HA is not a trainable trait.


----------



## FloorCandy (Feb 19, 2009)

From what I recall about your past posts, Momo gives you a lot of trouble. IMO HA should not be tolerated in any breed, even small dogs like pugs. If Momo had killed a puppy, the media could have distorted it as your pit bull killed a puppy. 

A pug should not be DA, and I have never met a HA pug, though many curly tailed asian breeds do tend to run more HA than other breeds, I always thought pugs were the exception, they are generally happy comical dogs who love people and other dogs.

My heart goes out to you, but you have said you can't foster because of Momo's DA, and honestly how can you have kids, or even invite friends over with kids while having Momo? If you had space (like an isolated outside run) to safely contain her away from other people and dogs, it would be different, but you don't and this accident could happen again. If you can't make the decision to put her down, I would at very least get a gate to extend around your door on the inside, so you can pass into a safe zone before opening the door, if you can't do that based on space or logistics, crate her before opening that door for any reason, if you go out, crate her so she can't get out when you come back in etc.

Good luck, and I'm sorry this has happened.


----------



## Xiahko (Feb 24, 2010)

I made the call 5:30pm tomorrow.


----------



## Xiahko (Feb 24, 2010)

The puppy did die.
I feel so bad. But my apt. manager is really cool with it. And she said that the ppl next door are really good ppl,and to just give them some time.
they will eventually forgive me I hope. I just feel so bad right now.
I am a big dog person,and even though this was an accident,I blame myself.


----------



## ThaLadyPit (Oct 12, 2008)

I'm sorry it's come to this. I feel bad that I don't even know your name, other than your screen name. I feel in this instance you've made the right decision, as only you can know what's best for your dog and your household.

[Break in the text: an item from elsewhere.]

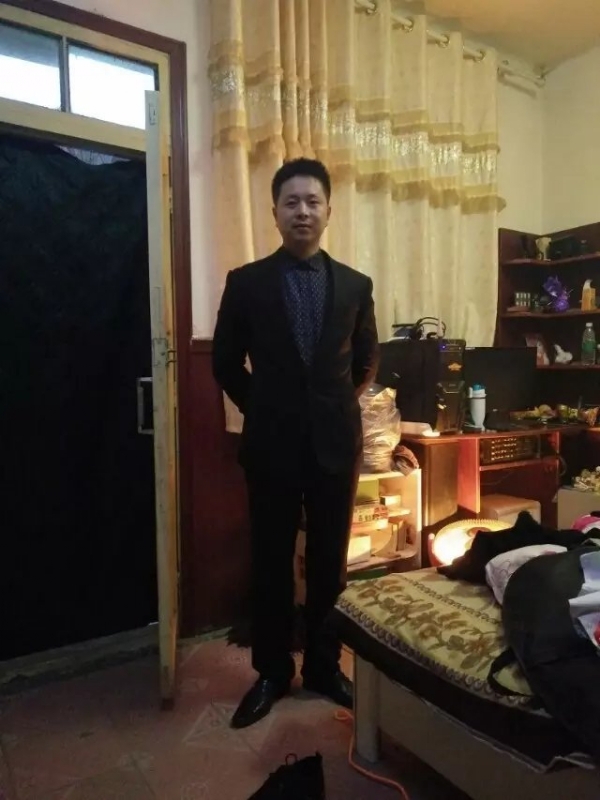 亮亮的第一张照片--厦门交友网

I do also extend my deepest condolences to the family who lost their puppy.


----------



## gamer (Feb 1, 2010)

Nvm sorry read more posts and see that she is being put down.


----------



## echs332000 (Jan 10, 2010)

Im sorry to hear that your dog is being put down. This situation was totally avoidable. Take it as a lesson learned and to be more cautious when you are leaving your apartment with your pups. 

I too had to learn this the hard way, except i was on the other end, a rottie rushed into my apartment and attacked one of my dogs.


----------



## Xiahko (Feb 24, 2010)

Looks like I have no choice in the matter anyway. Animal control came and she was deemed vicious for killing the pup,and they were suppose to take her tonight,but let me keep her till tomorrow.

But I have to put her down earlier. No choice in the matter at all.

I paid for the cremation of the pup($165 way to high if you ask me). The owner wanted to keep the ashes.

I don;t want to live across from these people anymore. I can't face them.
They lost one of their pups,and I lost my dog of 4 1/2 years and all the money in my bank account.

I am very glad that they didn't try and blame Bruno however. VERY glad, cause he did NOTHING!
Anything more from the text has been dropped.